Transcribe every line below exactly; no image goes into the output.

[[ AVAILABLE DATA, beginning ]]

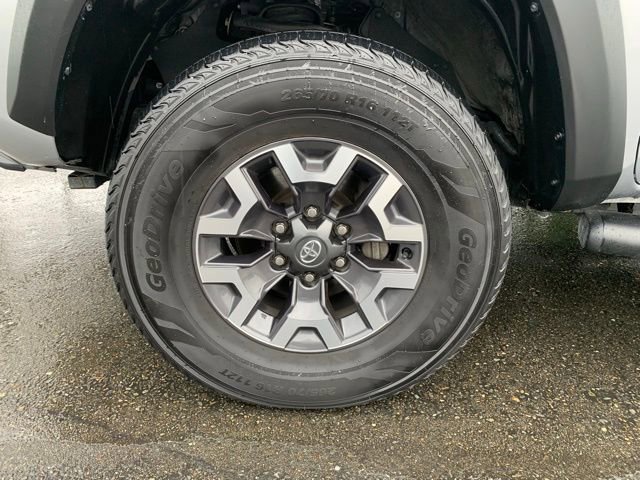 Used 2021 Toyota Tacoma TRD Off-Road w/ Technology Package image 10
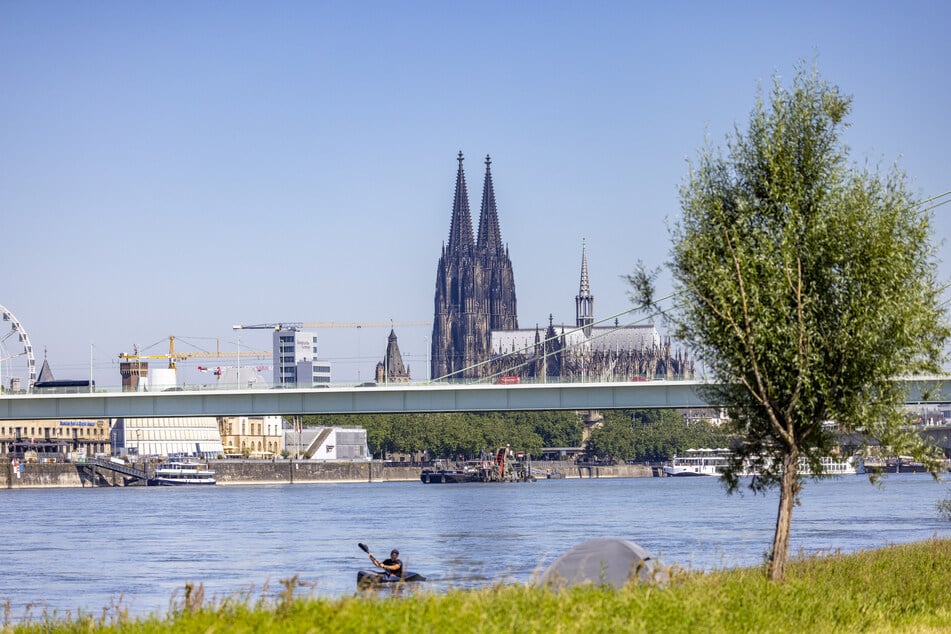 Viel Bebauung und immer weniger Grünflächen: Die Kölner Innenstadt könnte sich in den kommenden Jahren deutlich häufiger zu stark aufheizen. (Archivbild)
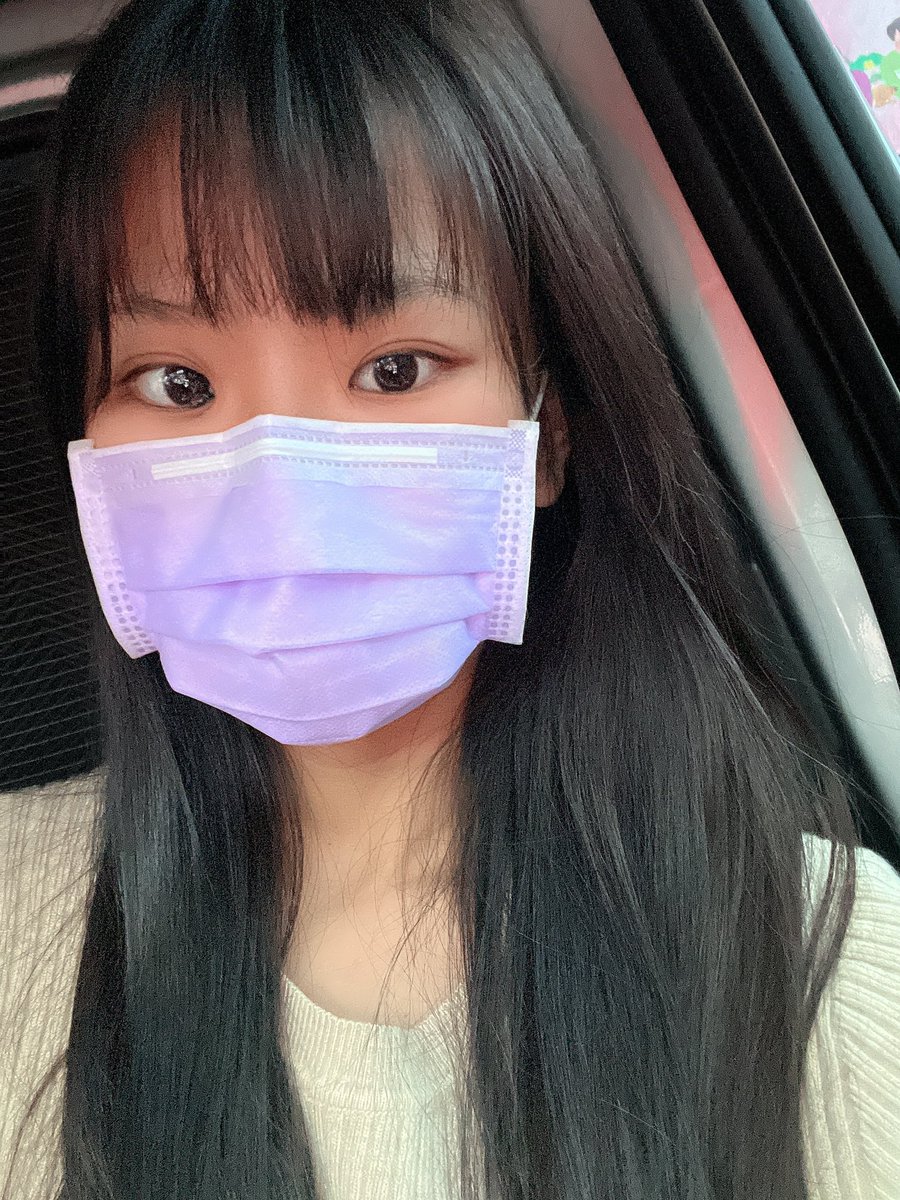 想去燙瀏海 但最近荷包超緊繃🥲 https://t.co/yYpmSWmYYu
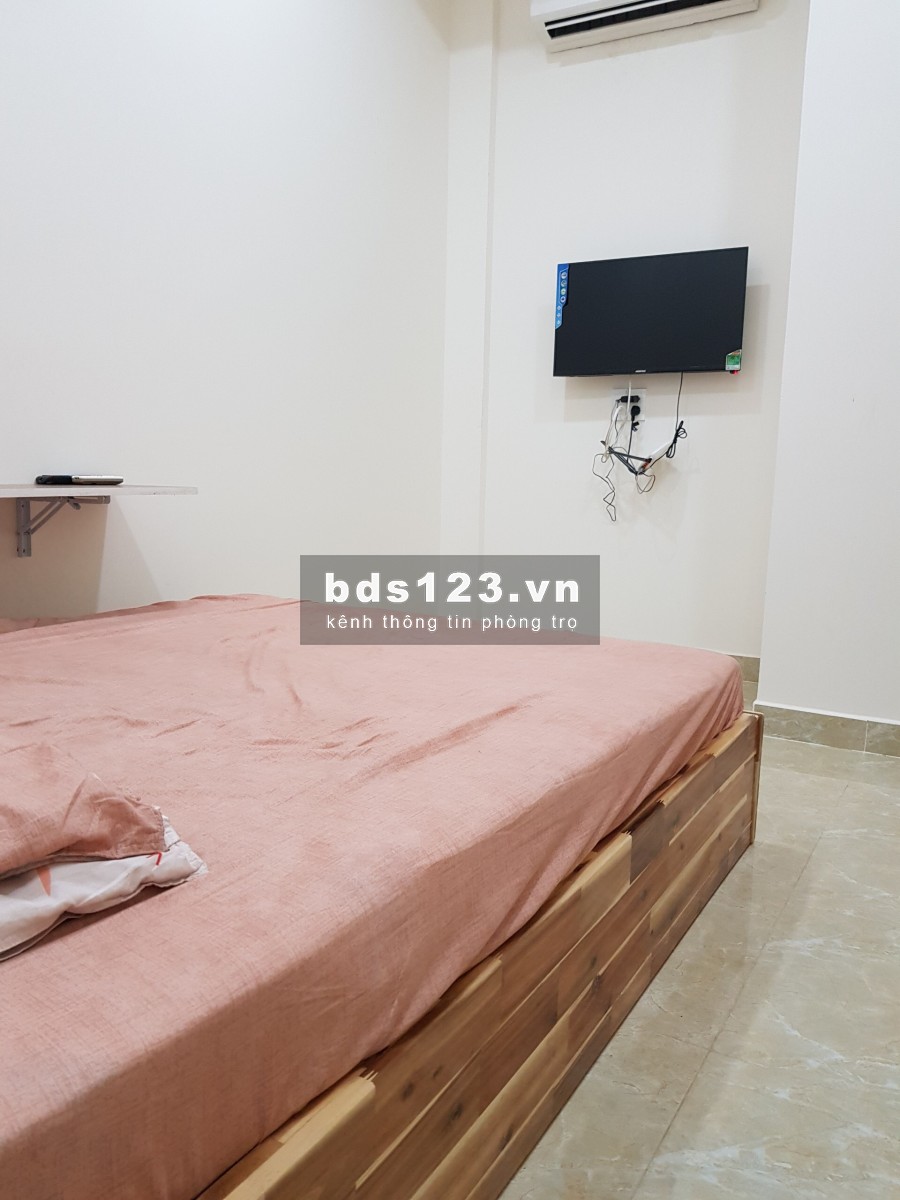 Căn hộ mới full nội thất trung tâm Phú Nhuận, có cửa sổ , ban công, wc riêng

[[ AVAILABLE DATA, end ]]

SOLUTION TO THE PROBLEM:
 Used 2021 Toyota Tacoma TRD Off-Road w/ Technology Package image 10
 Viel Bebauung und immer weniger Grünflächen: Die Kölner Innenstadt könnte sich in den kommenden Jahren deutlich häufiger zu stark aufheizen. (Archivbild)
 想去燙瀏海 但最近荷包超緊繃🥲 https://t.co/yYpmSWmYYu
 Căn hộ mới full nội thất trung tâm Phú Nhuận, có cửa sổ , ban công, wc riêng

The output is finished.